Maître Souëf, qui voulait se réhabiliter à tout prix, fit un pas vers le groupe et répliqua :

— Voilà comme nous sommes, nous autres Français ! Il s’agit d’un meurtrier qui échappe à la justice, et nous disons : « C’est joli ! »

Adèle lui envoya un geste d’énergique approbation et quitta le groupe pour aller vers la comtesse Marguerite. En chemin, le docteur Samuel, qui se tenait à l’écart et feuilletait un album, l’arrêta par la manche.

— Tout va bien, lui dit Adèle, je suis contente.

Le docteur Samuel reprit son occupation et Adèle joignit la comtesse, à l’oreille de qui elle répéta :

— Tout va bien, ma toute belle, je suis contente.

Mme la comtesse de Clare l’interrogea d’un regard perçant, qu’Adèle soutint bravement en disant :

— Je tiens tous les fils de nos marionnettes. Rien ne m’échappe. Vous verrez bientôt !

Puis, s’asseyant sur un coin de chaise, elle ajouta :

— Avez-vous déjà parlé à la chère enfant ?

— Oui, certes, répondit Marguerite qui passa un de ses bras autour du cou de Clotilde et l’attira vers son baiser : ce n’est pas d’aujourd’hui que nous nous aimons, nous deux, n’est-ce pas, ma belle chérie ?

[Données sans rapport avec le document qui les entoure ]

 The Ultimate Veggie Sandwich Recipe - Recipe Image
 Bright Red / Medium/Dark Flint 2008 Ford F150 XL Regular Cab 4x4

Clotilde souriait doucement.

— Qui ne vous aimerait ? murmura-t-elle.

— Cependant, reprit la comtesse Marguerite, je ne lui ai pas encore tout dit. Je veux être bien sûre avant de prononcer le grand mot.

— Sûre de quoi ? demanda Clotilde, dont les beaux yeux interrogèrent avec une curiosité sereine.

Marguerite sourit et répondit par cette autre question :

— Savez-vous que j’aurais l’âge d’être votre mère, mon enfant ?

— Oh ! fit Adèle, il n’y a que vous pour vous permettre de pareilles coquetteries. Vous avez l’âge d’être belle, chère comtesse.

— La plus belle ! ajouta Clotilde avec une franche admiration.

Adèle lui caressa la joue d’un geste d’aïeule et murmura :

— Est-ce que nous n’avons pas un petit peu d’inquiétude, nous ?

— Non, repartit Clotilde qui jouait avec une paire de magnifiques pendants d’oreilles en diamants montés à l’antique dont l’écrin ouvert était sur ses genoux : c’était le cadeau de noces de la comtesse.

— Pourtant, reprit Mme Jaffret, ce retard… Ce serait bien un peu le cas d’être inquiète, à moins que vous ne sachiez…

— C’est cela ! interrompit Clotilde en souriant : je sais qu’il viendra !



  1. Cœur d’Acier, 2e série des Habits-Noirs.